= GIVEN RECORDS =
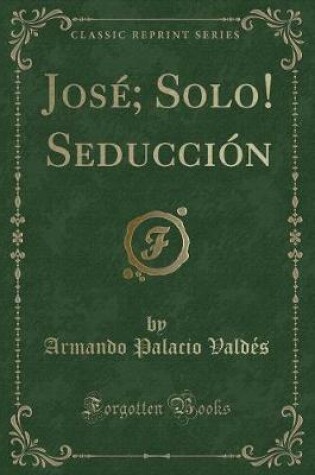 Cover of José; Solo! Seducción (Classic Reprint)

* * *

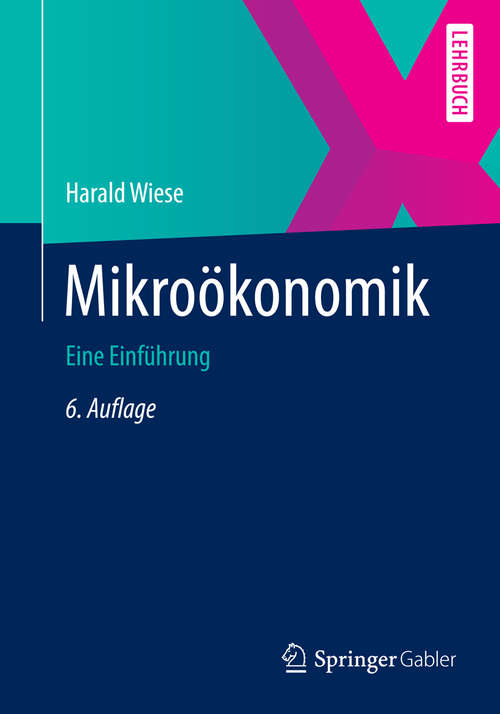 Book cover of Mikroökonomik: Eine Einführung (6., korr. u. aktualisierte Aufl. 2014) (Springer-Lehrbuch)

...

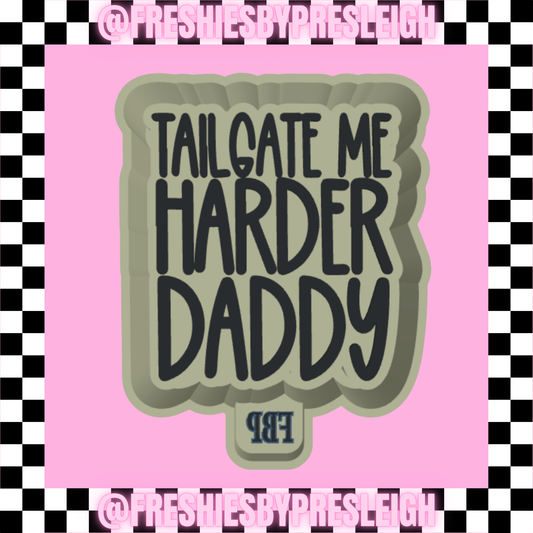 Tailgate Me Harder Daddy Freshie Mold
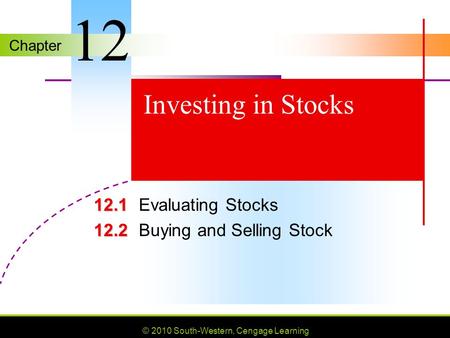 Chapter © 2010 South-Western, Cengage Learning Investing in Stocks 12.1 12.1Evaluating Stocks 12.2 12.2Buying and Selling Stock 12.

= TASK DESCRIPTION =
Your answer must be the lines above from the one holding "Tailgate Me Harder Daddy Freshie Mold" up to and including the one holding "Chapter © 2010", exact and with no pictures.

= COMPLETED EXERCISE =
 Tailgate Me Harder Daddy Freshie Mold
 Chapter © 2010 South-Western, Cengage Learning Investing in Stocks 12.1 12.1Evaluating Stocks 12.2 12.2Buying and Selling Stock 12.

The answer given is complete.